Sunday, July 20, 2014

Thomas Is Great, Me, Not So Much

I thought I'd take today to say a couple of things about what is going on with me. Yesterday I ambushed one of my support groups I created to go with this page and told them all how much I hate the world right now. Bless their hearts they told me how strong I am. The truth of the matter is, I don't feel strong at all. Not even a little bit. I think two things are contributing to my problem. One being that on vacation my mom announced that she's moving clear across the country to live near my sister after having lived by me for years and years and who has been my BIGGEST SUPPORT in all that time. I don't know what I will do without her. This has filled me with powerful and confused feelings none of which I seem to be able to keep in check. Dan is feeling beaten down because I am not a pleasant person to be around (his words are: "You are a NIGHTMARE to be around right now") because I am on a hairtrigger with my anger and agitation. I think even Thomas is a little afraid to approach me right now.

Then second, I think the antidepressant I was put on is backfiring on me, as well it should. I have bipolar disorder and the worst thing you can do for someone who is bipolar is to put them on an antidepressant because it actually causes mania in that person. As I've said before my mania's aren't the happy kind, they look exactly like what I am going through now, an inability to handle stress, easily angered, impatient, agitated, unable to sleep etc. etc. etc.

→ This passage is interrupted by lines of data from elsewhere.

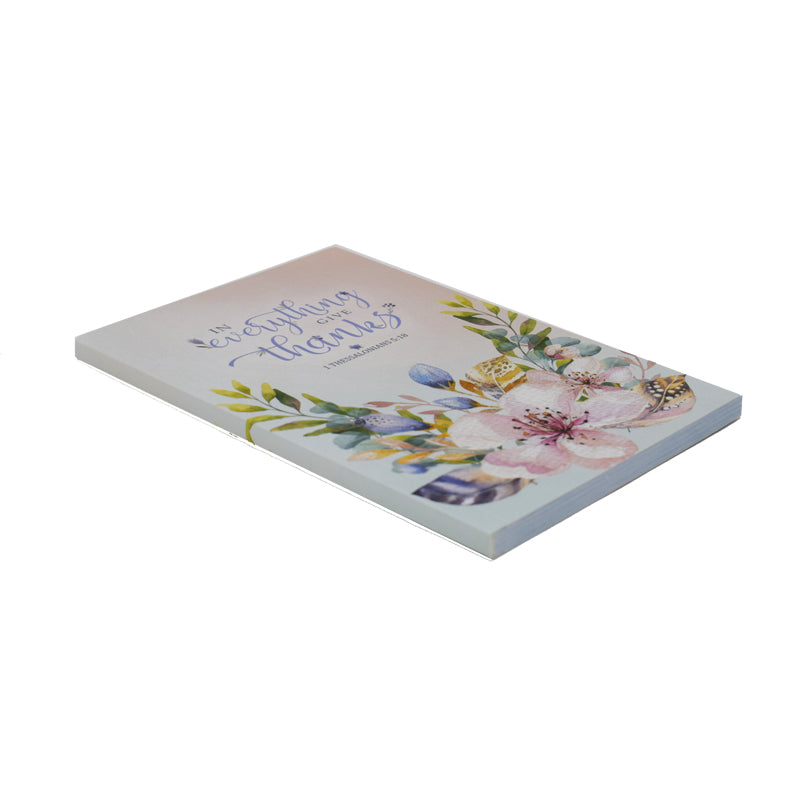 A6 Notebook In Everything Give Thanks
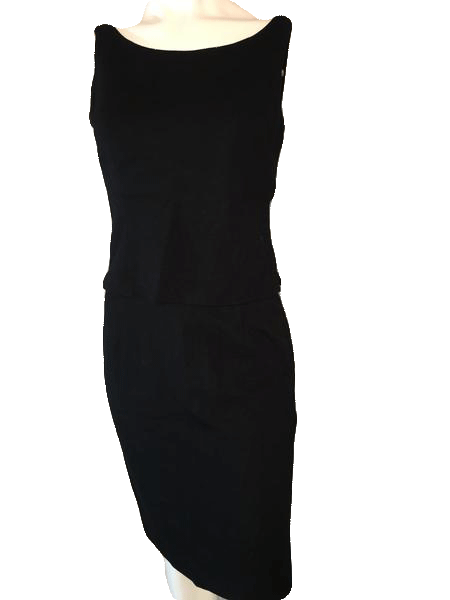 Laundry Black 2 Piece Suit with Tank Top and Skirt Size 28 SKU 000200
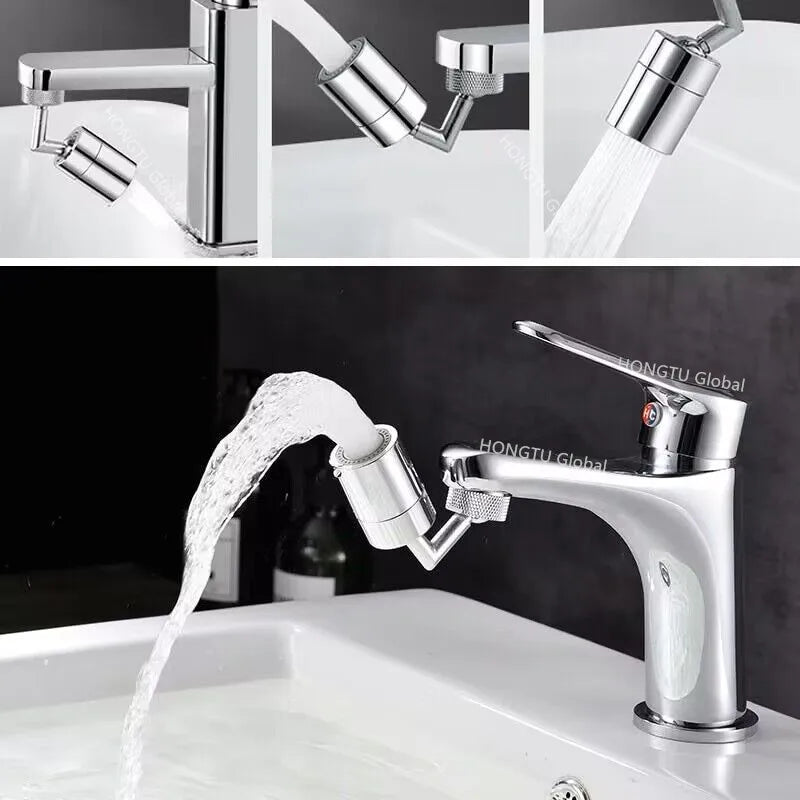 360 Rotary Faucet Spray Head Filter Washbasin Splash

The problem is becoming bigger and bigger as I am now starting to have suicidal and even a little bit of homicidal thoughts. They just pop in my mind like a chipmunk peeking out of his hole to check out his surroundings but they are there and they scare me a great deal. With my current state of mind, if this goes on too long, chances are I will act on them and if history shows me anything, I will more most likely end up harming myself.

With all of the stress in my life anyway, losing my dad and now losing my mom and now thinking my meds are backfiring, I am in a terrible place and I need help. I spend every day a shell trying to act like I'm fine and capable and that I can go on living as if everything is find but that usually lasts about 2 hours after I wake up and then it all goes to crap.

So, since I ambushed my support group I felt like I should clue you all in too. You guys really seem to care about Thomas and even me too and I feel like being candid with you and raw, paints an accurate picture of a family suffering from not just schizophrenia but also bipolar too not to mention intractable grief.

My plan for today is to keep on my proverbial feet mentally and see if I can get through a day without going insane. I have prepared the days postings for you already that will include inspiration and things to think about. I hope you like them.

Have a good day everyone! I will try my level best to do the same.